Friday, December 30, 2011

“A New Year's Eve Adventure” by E. T. A. Hoffmann

Happy New Year to all my readers! I wish you all good fortune in the year ahead. I hope you continue reading my modest contributions, for I fully intend to continue writing them as long as body and mind allow. I thought I would end the year with a brief discussion of one of my favorite New Year’s Eve stories—a tale that reflects that romantic/modern convention so crucial to the development of the short story—the merging of so-called “reality” and the world of fantasy/art/imagination.

E.T.A. Hoffman’s story, "A New Year's Eve Adventure," first published in German in 1816 and translated into English in the late 19th-century, is partially Hoffmann's own romantic fantasy, but it is also a satire on the convention of the lost reflection or shadow familiar in other German fantasies of the early 19th century. It is typical of Hoffman in that its realm of reality seems to hover halfway between the real world and the world of fairytale; thus the split in the central character Erasmus Spikher, both between himself and his reflection, as well as between himself and the narrator, referred to as the Travelling Enthusiast, is reflective of the duality of the world as Hoffman sees it‑‑always half actual, half imaginative, always half comic half tragic.

The basic nature of such a split is announced in the editor's foreword to the story in which the Travelling Enthusiast is described as one who cannot separate the events of his inner life from those of the outside world. Suggesting that the reader is to enter a world where he cannot determine where inner world ends and outer world begins, the editor warns the reader that in this story he will be in a strange magical realm where figures of fantasy step right into his own life.

The story opens with a convention familiar in the stories of Edgar Allan Poe (who was highly influenced by Hoffmann's fiction) of the Enthusiast's sense of inexplicable fear and madness, the source of which is the fact that every New Year's Eve the Devil keeps a special treat for him. He goes to a party given by the counselor of justice and there sees Julia, a beautiful woman from his former life of love and poetry, only to discover she is married to a spindle‑shanked little creature with eyes like a frog.

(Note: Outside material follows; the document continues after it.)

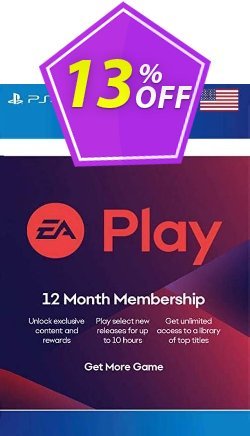 EA Access 12 Month PS4 - US  Coupon discount EA Access 12 Month PS4 (US) Deal - EA Access 12 Month PS4 (US) Exclusive offer 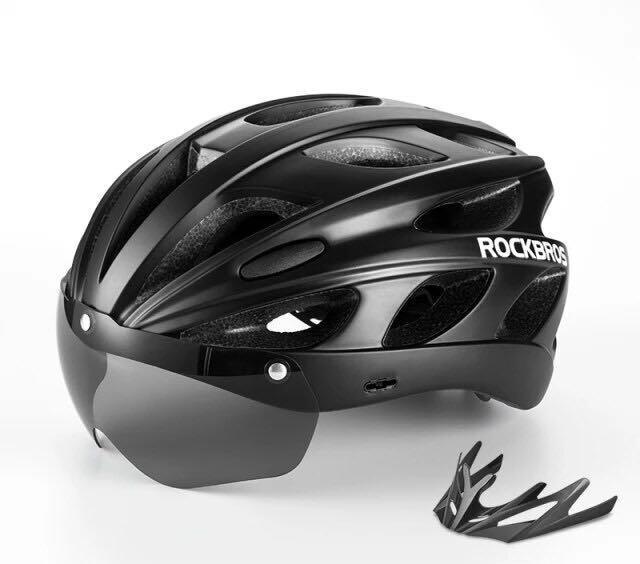 Bike helmet with magnetic visor deals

Retreating from the grand party to a beer cellar, the Enthusiast meets a tall, sad man who looks like a character from a Reubens painting and a short, dried‑up‑looking fellow who has a powerful antipathy to mirrors. This second stranger has two different faces‑‑one a pleasant young man's and the other that of a demonic old man. We discover that this little man is Erasmus Spikher who has lost his reflection and that the tall man is Peter Schlemihl, the man who lost his shadow, from Adalbert Chamisso's novel of that name published in 1814. When the narrator goes to a room that night, he looks into a mirror and sees from the background of his own reflection the image of Julia, which then changes into the image of the little man, Erasmus Spikher.

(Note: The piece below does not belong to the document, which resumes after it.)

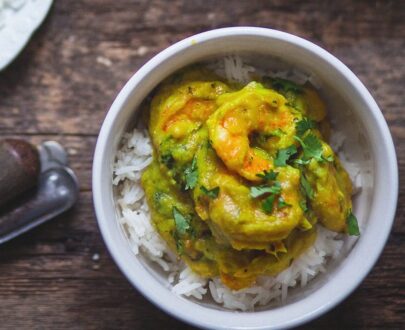 CREVETTES A LA MENTHE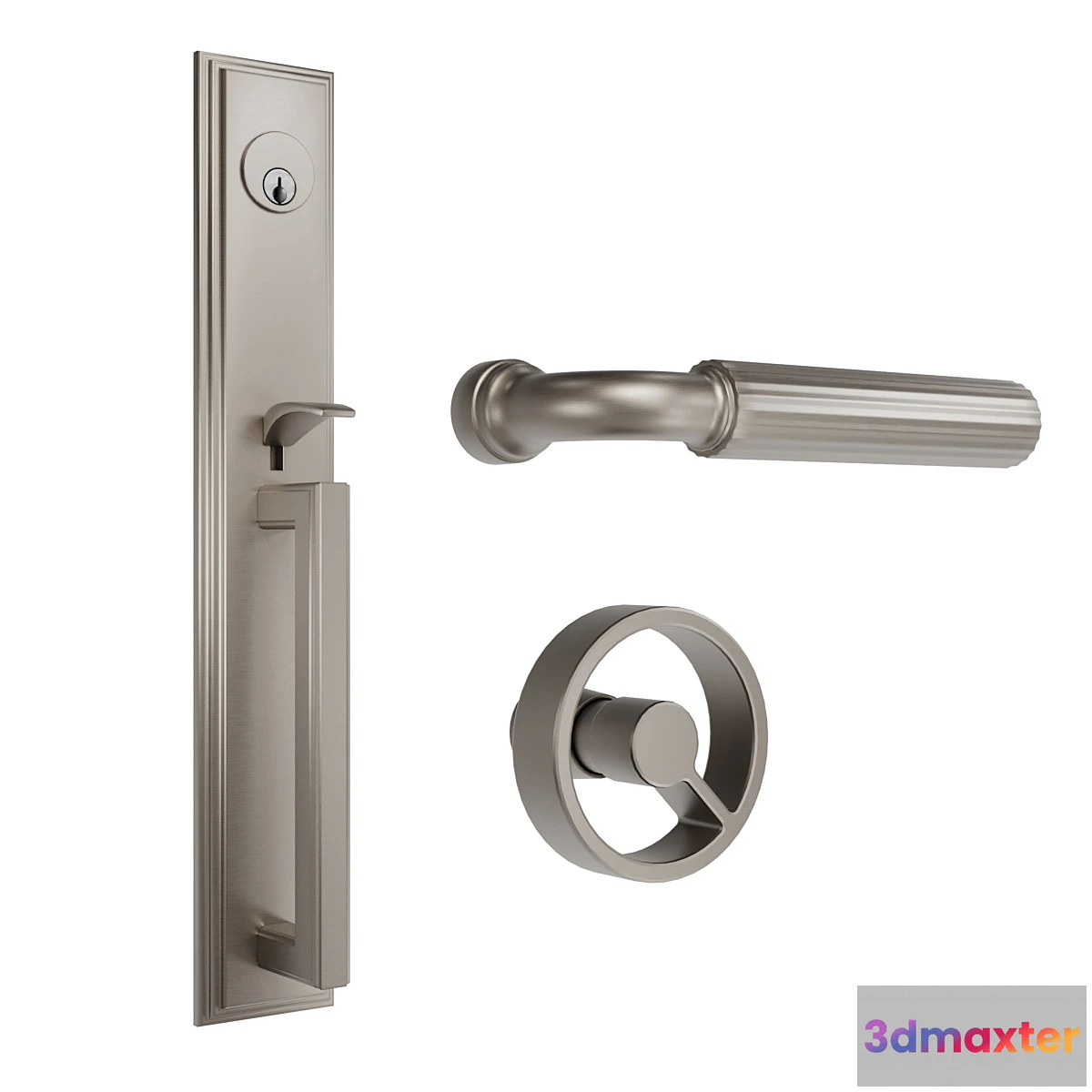1455510 - Door handles-Emtek 3D Max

The duality of the narrator and Spikher is made clear when Spikher tells him that he has lost his reflection because he earlier gave it to Julia, or Giuletta, as he calls her. When the Enthusiast awakes the next morning after having strange dreams of Julia as a demonic figure out of the paintings of Brueghel, Callot, and Rembrandt, he thinks it all must be a dream until he finds a manuscript which is "The Story of the Lost Reflection"‑‑the story of Erasmus Spikher, which is now inserted into the text and becomes the greater part of "A New Year's Eve Adventure."

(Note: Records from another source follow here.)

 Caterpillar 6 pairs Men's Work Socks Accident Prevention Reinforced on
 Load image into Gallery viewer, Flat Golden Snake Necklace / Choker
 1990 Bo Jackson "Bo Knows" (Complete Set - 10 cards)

This insert story begins with Spikher travelling from the cold North to the beautiful warmth of Italy. Leaving his wife to fulfill this dream, he sets off for Florence where he meets Giuletta, who looks exactly as if she were a woman from Rembrandt walking about. He immediately falls in love with her, saying he has seen her in his dreams, that he has always been in love with her, that she is his life. It is at this point that Spikher also meets the strange figure of Doctor Dapertutto and, in a madness of jealousy, kills a young Italian suitor of Giuletta. When he realizes that he must now leave her to avoid prosecution, she begs him to leave her his reflection. Spikher travels back home to his wife and child and gradually forgets Giuletta, that is, until his son and wife discover that he has no reflection and reject him as a demon. Claiming that Giuletta must now have him body and soul, he calls up Dr. Dapertutto, who tries to make him poison his wife and child. When he refuses, Giuletta tries to convince him to sign over his wife and child to Dr. Dapertutto, but this too he refuses at the last moment.

Spikher's story ends with his wife telling him to go out into the world again to see if he can track down his reflection and get it away from the Devil. Spikher follows this advice, meets with Peter Schlemihl, and plans to travel with him. The story ends with a postscript by the Travelling Enthusiast, who once again takes over the narration to tell Hoffmann, that he is completely saturated with the manifestations of this New Year's Eve and that he now believes that Julia is a picture of a siren by Rembrandt or Callot.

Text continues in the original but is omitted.